Sometimes, with the natural ups and downs of feelings and life, I sometimes wonder if I'm not suffocating myself with deadlines and expectations with no return on my investments in sight, and I find myself asking; "what did I do all this for?"; the challenges that I've had to bust through to continue as the free flowing art form that I Am...
...and every time, the answer to that question brings the downward spiralling thought forms to a screeching halt as the beaming truth of my heart's calling gently lingers; touches it's fingers, in an ever presence that has shaped my life and guided my choices; for me, my horse, Padre.
And in that moment I realize that in my doubt and anxiety, there's only one thing to do; put on my riding gear, tack up, and head for the hills.
We have, in this society, so much pressure to do, to be, to acquire... it's so easy to get caught up in all of it and forget the reasons why.
Today I rode my horse, Padre, and our (mine and Padre's) other horse, Shiro, came along beside us on her rope, and my dog Cloverbelle, too.

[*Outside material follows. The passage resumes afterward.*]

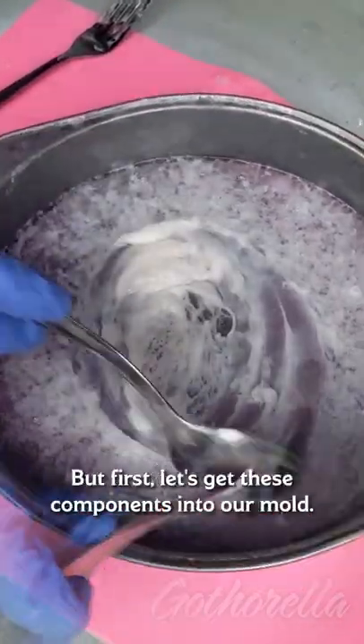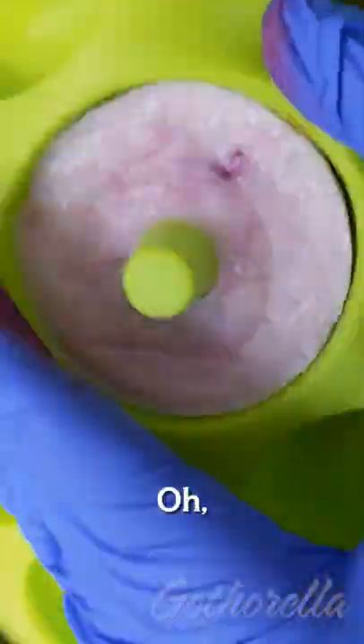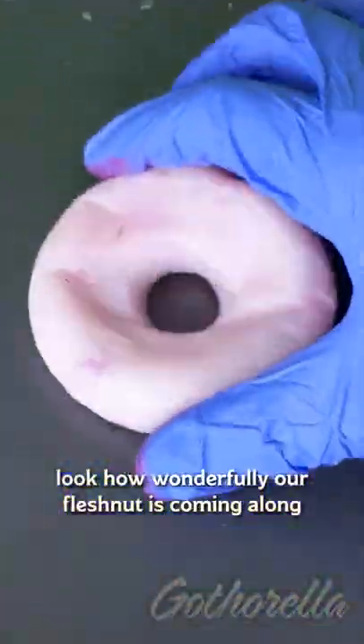It's time to grow something new, but first let's get these components into our mold. Yum. Oh, look how wonderfully our flesh nut is coming along.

We rode across fields and up mountains and through sage, until we reached the rolling meadows and wildflower valley where Indian horses run free.
Today I felt that freedom in our strides as we galloped in sync to the hill top, emerging into the sky beyond, overlooking the town, clouds of silver mist washed over the view in front of us, we stopped to take it all in, and then we continued on; Padre's hoof beats resounding beneath me, Shiro kicking her feet, throwing her head back and running beside me, the wind in my hair and cape, the silver glow of the sky on my face.
I thought to myself that this moment, this feeling, that's what I'm doing it all for, and so long as I can keep these moments close, I will always know my purpose, and I will always find accessible It's infinite inner drive.
So, what are you doing all of it for?
Don't get caught up. Don't forget.
For most of us, we work for something that we already have; the parts of us that we cherish the most, that we don't want to lose. Keep them close and the rest will follow. Just like this blog that I've been putting off writing for months; I thought I had writer's block, but the truth is, I forgot what I was doing it for. I needed only to refuel my heart and my soul.
Descending the mountain, across the fields, through the sun it started to rain, I looked back over my shoulder to the path from where we came; and behold a perfect rainbow, winking it's eye, whispering my name.